» Task
Once you find the line with "Detailed shot of", output it and every line after it exactly, through the last line of the listing, but no pictures.

*** Dataset section

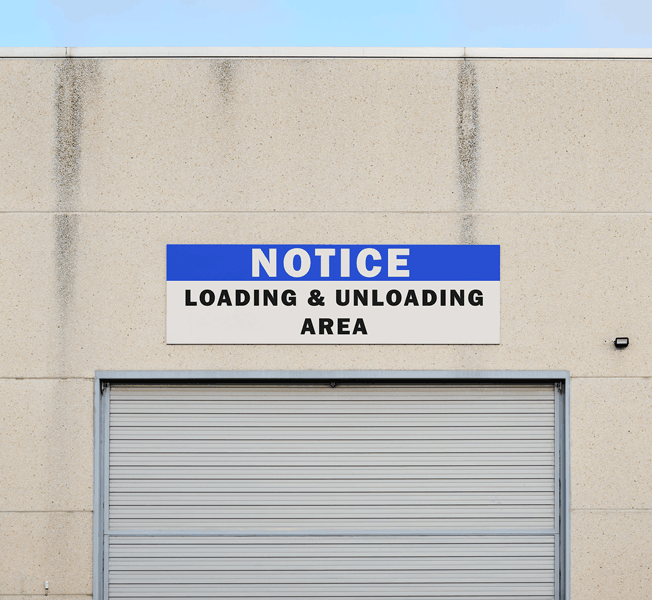 Custom outdoor aluminum safety sign on exterior of Cavendish Farms facility in Jamestown, ND.
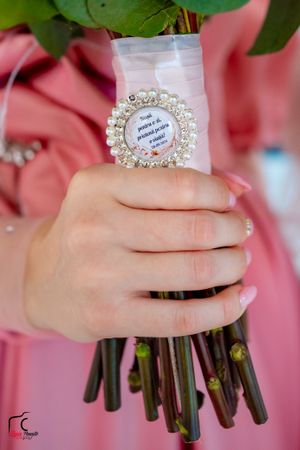 Detailed shot of hands holding flower stems with an ornate circular pearl embellishment.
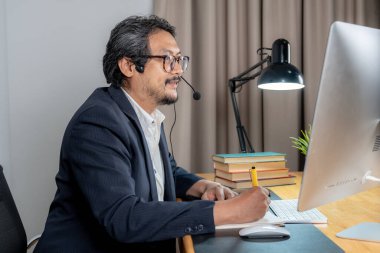 Video konferans görüşmesinde kulaklık takan odaklanmış bir çalışan..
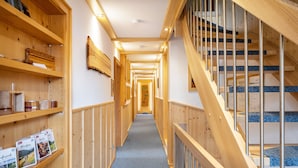 Interior de madera con una escalera, estanterías y piso alfombrado.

******

» Result for this exercise
 Detailed shot of hands holding flower stems with an ornate circular pearl embellishment.
 Video konferans görüşmesinde kulaklık takan odaklanmış bir çalışan..
 Interior de madera con una escalera, estanterías y piso alfombrado.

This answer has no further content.